PROBLEM STATEMENT
Give the entries back exactly, dropping each image.
═══ MATERIAL FOR THIS TASK
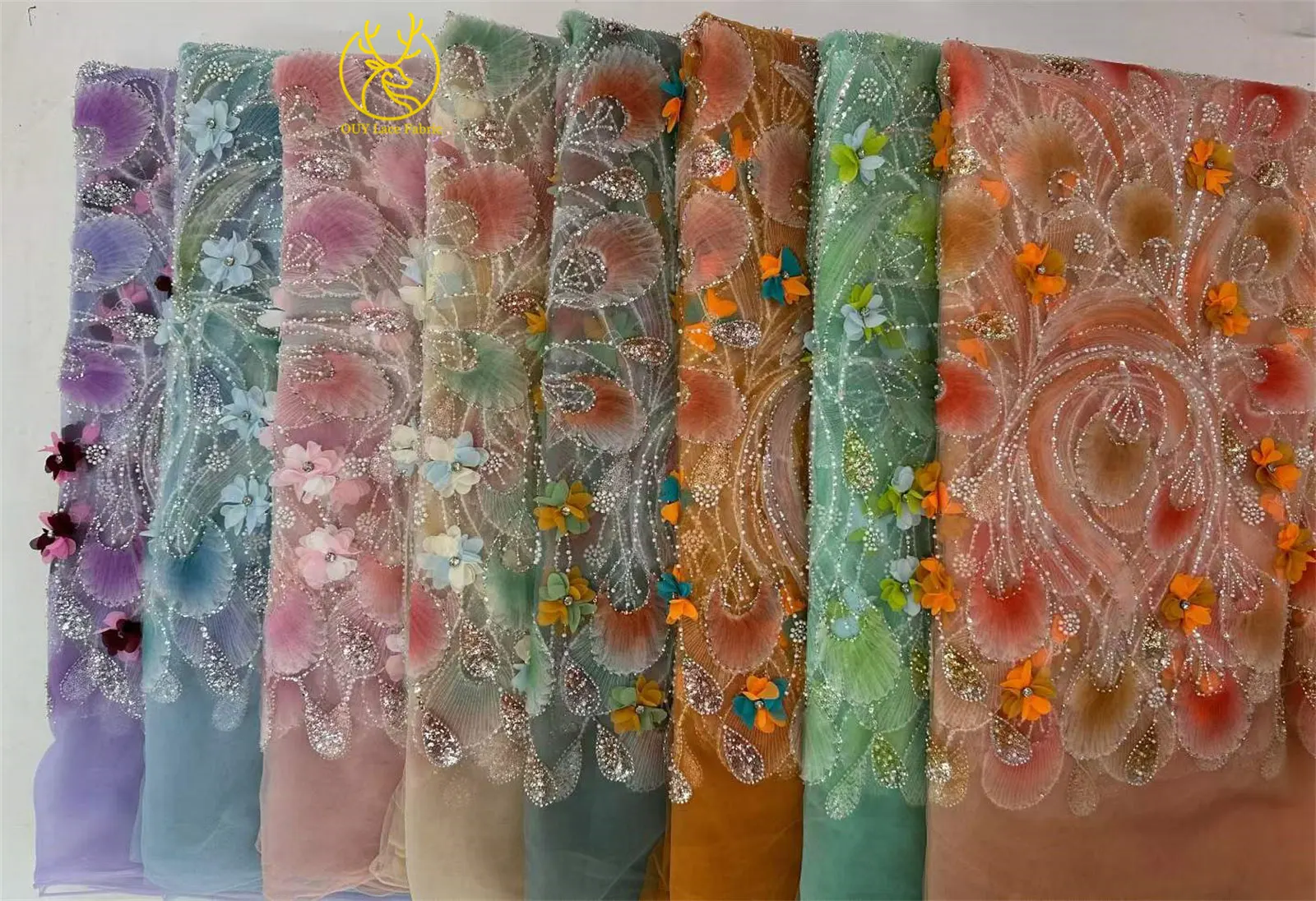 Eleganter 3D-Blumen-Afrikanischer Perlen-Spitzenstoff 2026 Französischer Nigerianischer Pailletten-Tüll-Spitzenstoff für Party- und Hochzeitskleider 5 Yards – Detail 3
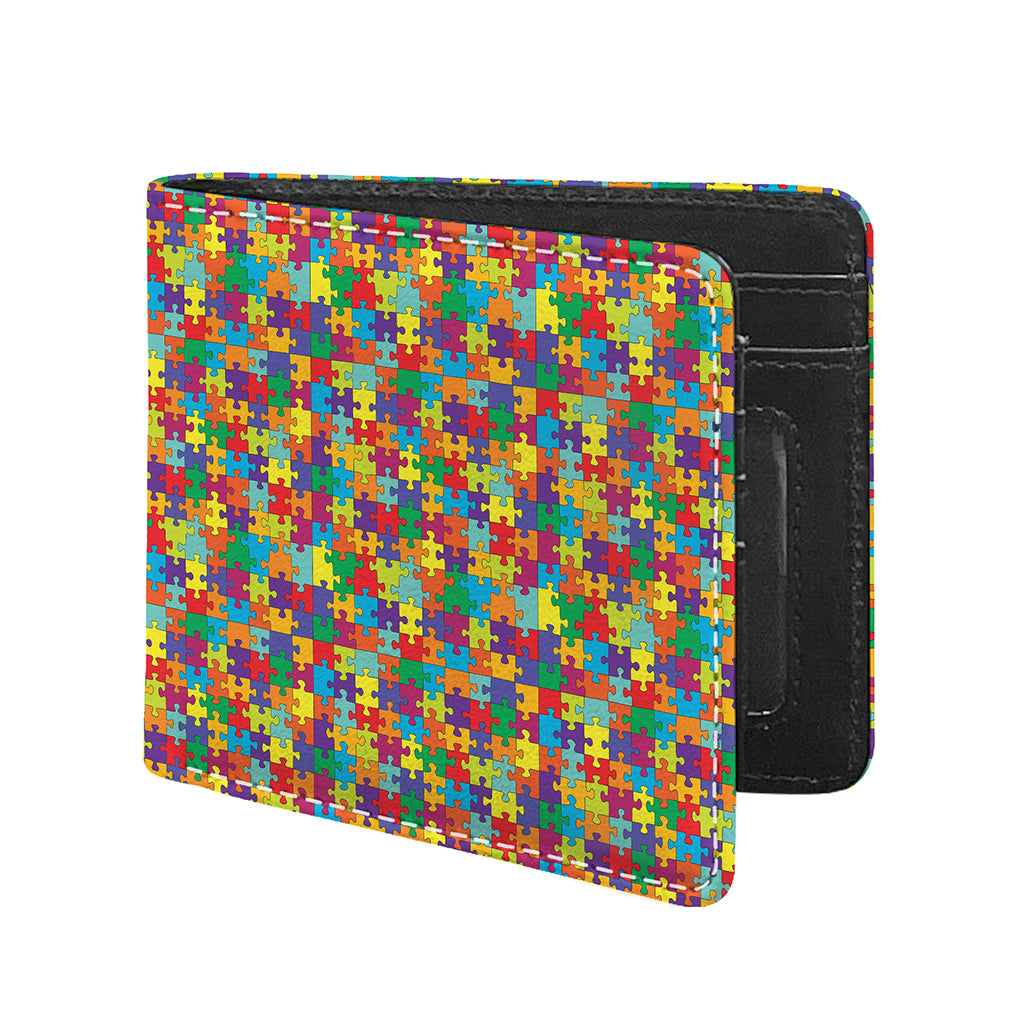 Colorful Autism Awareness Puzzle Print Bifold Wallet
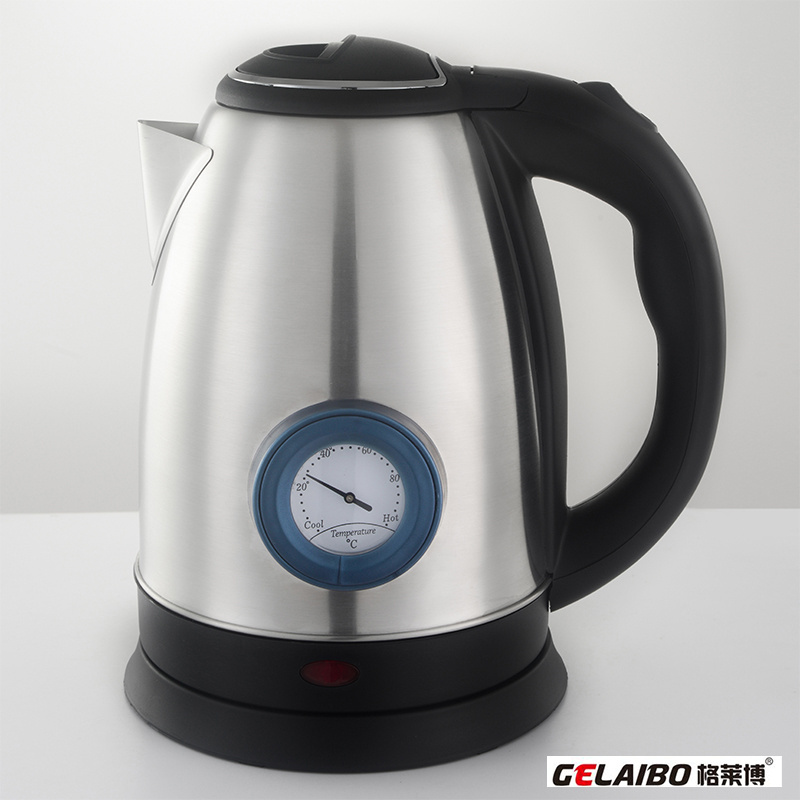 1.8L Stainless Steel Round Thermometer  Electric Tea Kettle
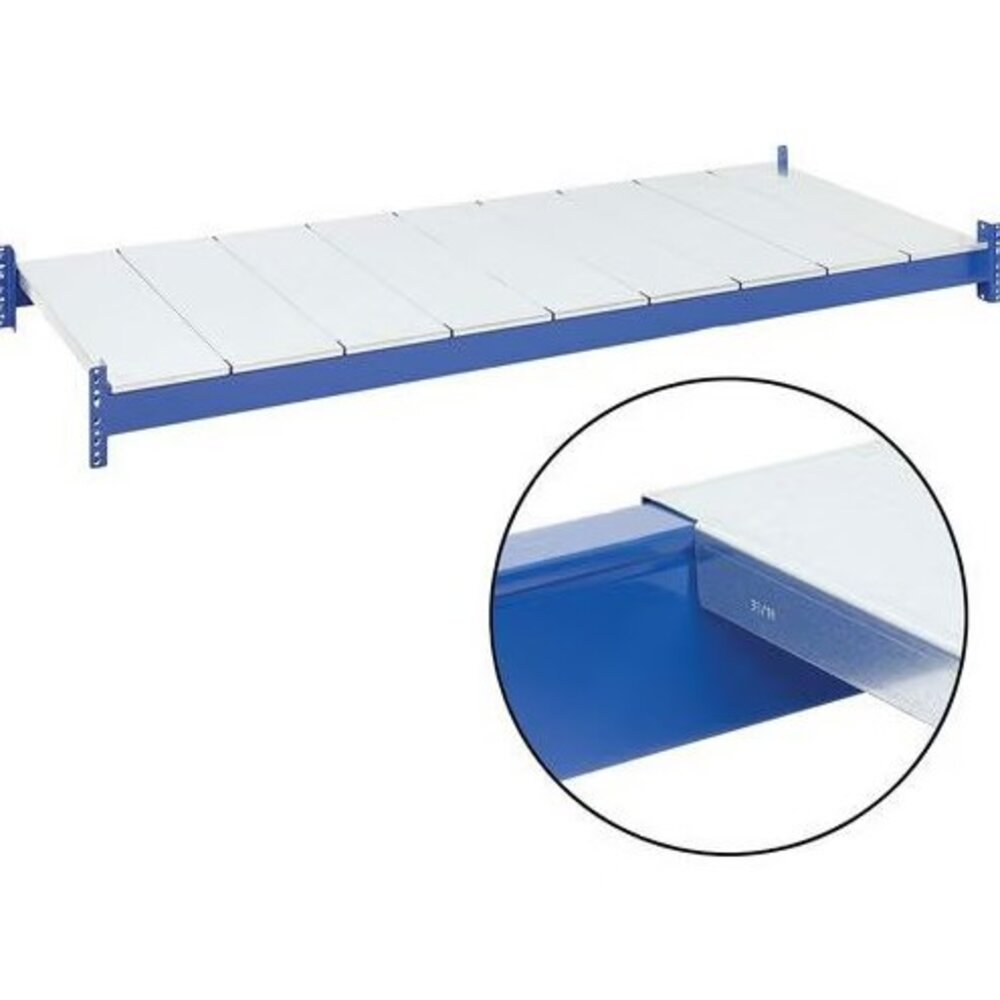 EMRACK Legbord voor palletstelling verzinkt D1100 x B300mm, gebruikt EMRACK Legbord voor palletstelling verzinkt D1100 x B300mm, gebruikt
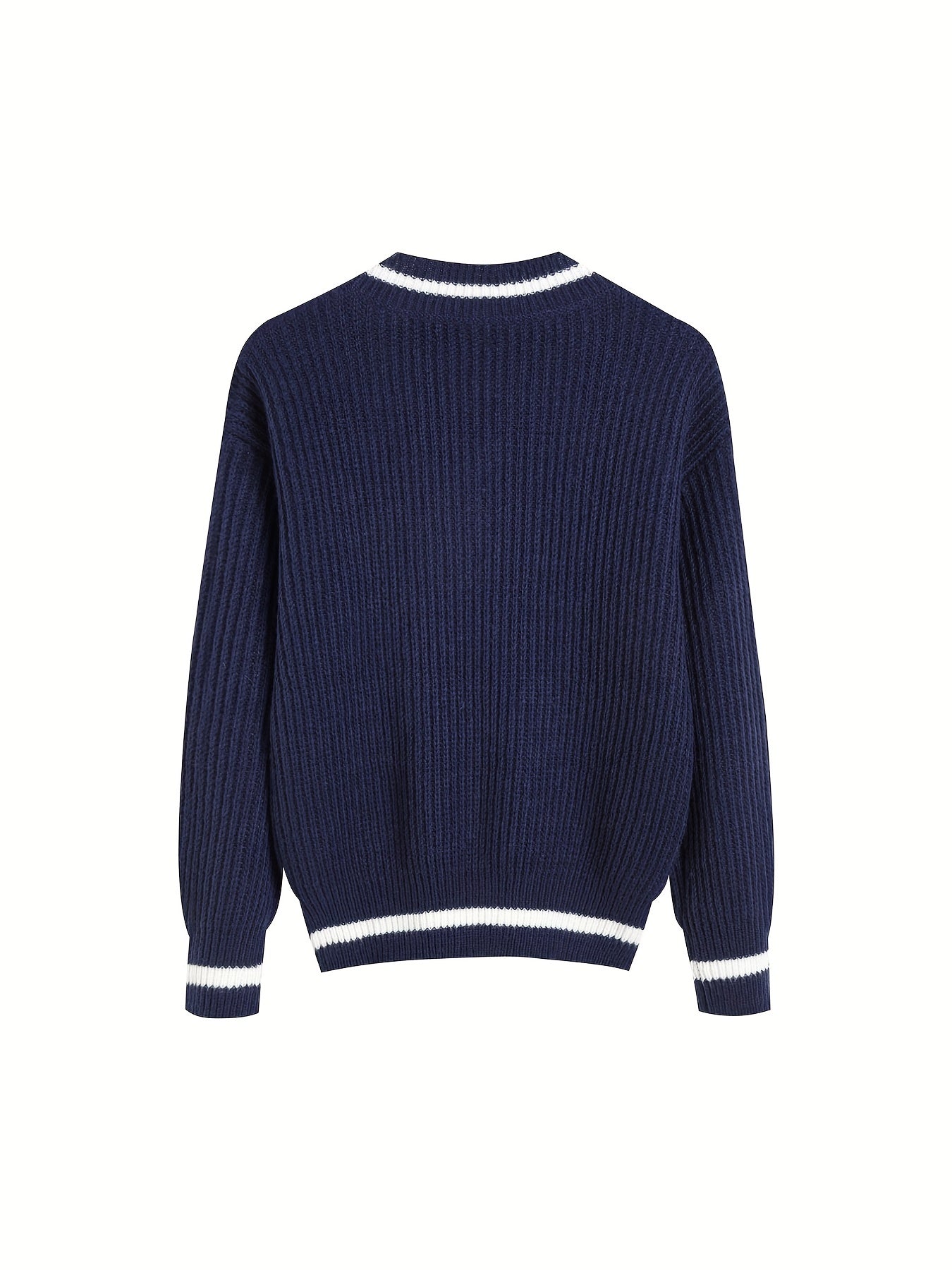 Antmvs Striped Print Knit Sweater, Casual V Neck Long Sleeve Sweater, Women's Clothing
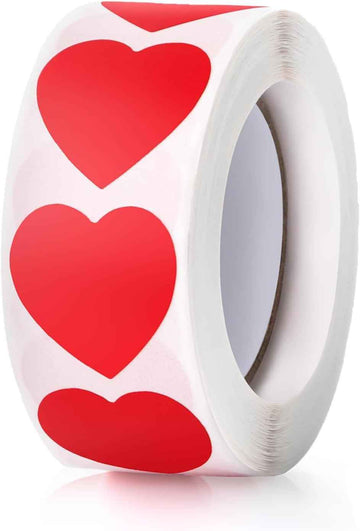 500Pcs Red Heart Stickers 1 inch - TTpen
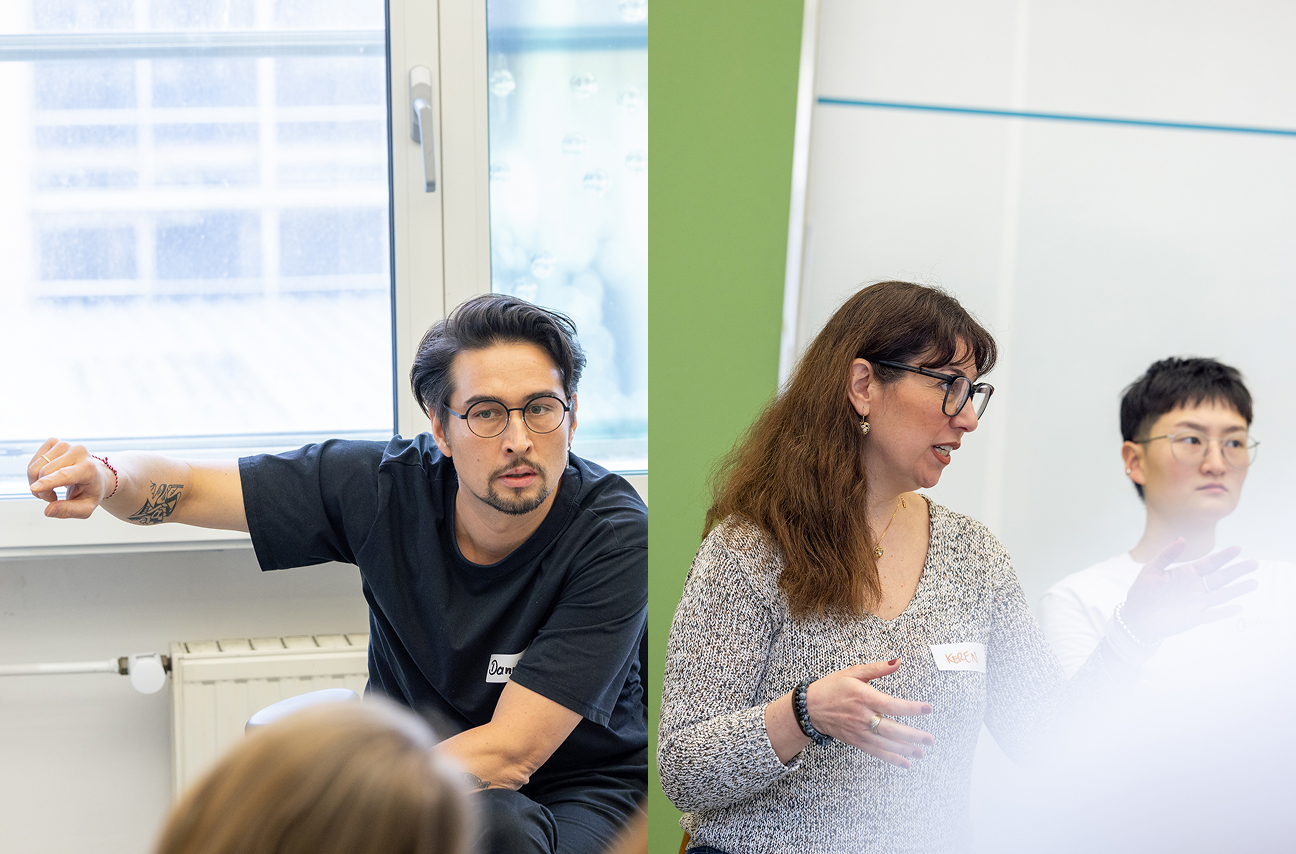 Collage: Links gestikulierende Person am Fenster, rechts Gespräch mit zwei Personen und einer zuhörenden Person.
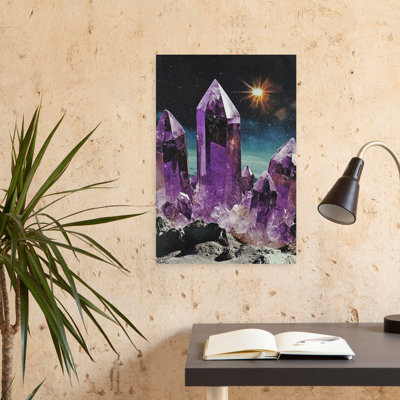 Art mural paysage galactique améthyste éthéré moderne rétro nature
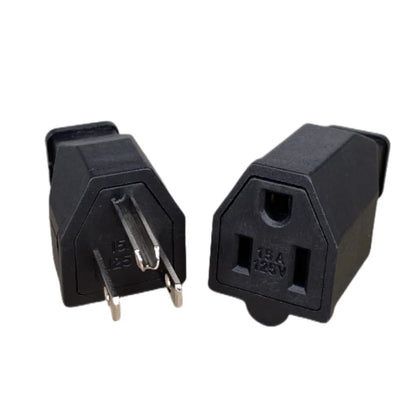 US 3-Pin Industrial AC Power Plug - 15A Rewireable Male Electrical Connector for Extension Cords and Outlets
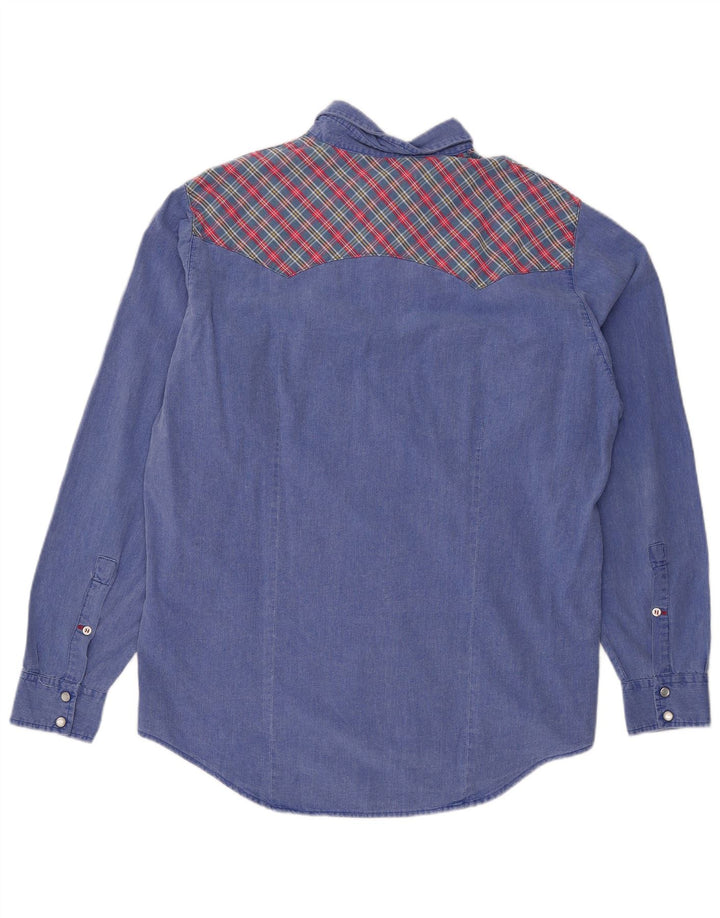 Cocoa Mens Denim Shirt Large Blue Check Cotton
══════
EXERCISE RESPONSE
 Eleganter 3D-Blumen-Afrikanischer Perlen-Spitzenstoff 2026 Französischer Nigerianischer Pailletten-Tüll-Spitzenstoff für Party- und Hochzeitskleider 5 Yards – Detail 3
 Colorful Autism Awareness Puzzle Print Bifold Wallet
 1.8L Stainless Steel Round Thermometer  Electric Tea Kettle
 EMRACK Legbord voor palletstelling verzinkt D1100 x B300mm, gebruikt EMRACK Legbord voor palletstelling verzinkt D1100 x B300mm, gebruikt
 Antmvs Striped Print Knit Sweater, Casual V Neck Long Sleeve Sweater, Women's Clothing
 500Pcs Red Heart Stickers 1 inch - TTpen
 Collage: Links gestikulierende Person am Fenster, rechts Gespräch mit zwei Personen und einer zuhörenden Person.
 Art mural paysage galactique améthyste éthéré moderne rétro nature
 US 3-Pin Industrial AC Power Plug - 15A Rewireable Male Electrical Connector for Extension Cords and Outlets
 Cocoa Mens Denim Shirt Large Blue Check Cotton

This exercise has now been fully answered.